The 9th Electronic Warfare Battalion "Rombo" () is an inactive electronic warfare unit of the Italian Army last based in Anzio in Latium. The battalion was formed in 1959 and reported to the Army's General Staff. In 1975 the battalion was named for the Timmelsjoch Pass () and received its own flag. The battalion was the army's strategic electronic warfare unit during the Cold War. The battalion was disbanded in 1998 and its tasks and personnel were transferred to the army's 33rd Electronic Warfare Battalion "Falzarego" and the Italian Armed Forces' Information and Security Department.

History 
On 1 April 1959 the IX Signal Battalion was formed in Rome by expanding the Special Signal I-RG Company with personnel from the disbanded XI Signal Battalion. The Special Signal I-RG Company had been formed on 15 April 1955 and was tasked with interception and radio direction finding (). The XI Signal Battalion had been formed on 1 March 1957 by the army's Signal School in Rome by expanding the Signal Experimentation Company.

On 1 October 1961 the battalion moved from Rome to Anzio. On 1 December 1963 the battalion was assigned to the newly formed Electronic Defense Center. On 1 September 1970 the battalion was renamed IX Electronic Warfare Battalion.

During the 1975 army reform the army disbanded the regimental level and battalions were granted for the first time their own flags. During the reform signal battalions were renamed for mountain passes. On 1 September 1976 the IX Electronic Warfare Battalion was renamed 9th Electronic Warfare Battalion "Rombo". On the same day the 8th Signals Intelligence Battalion "Tonale" was formed by the Electronic Defense Center.
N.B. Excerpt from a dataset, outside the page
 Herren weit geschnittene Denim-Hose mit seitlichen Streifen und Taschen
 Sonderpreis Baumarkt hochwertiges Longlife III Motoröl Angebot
The 9th Electronic Warfare Battalion "Rombo" consisted of a command, a command and services platoon, communications company, and a communications-denial battery. On 12 November 1976 the battalion was granted a flag by decree 846 of the President of the Italian Republic Giovanni Leone. The flags of the Rombo, 8th Signals Intelligence Battalion "Tonale", and Electronic Defense Center arrived at the units on 22 March 1977.

On 1 January 1998 the 9th Electronic Warfare Battalion "Rombo" was disbanded and its personnel transferred either to the 33rd Electronic Warfare Battalion "Falzarego" or the Information and Security Department of the Italian Armed Forces' General Staff, while the battalion's flag was transferred to the Shrine of the Flags in the Vittoriano in Rome.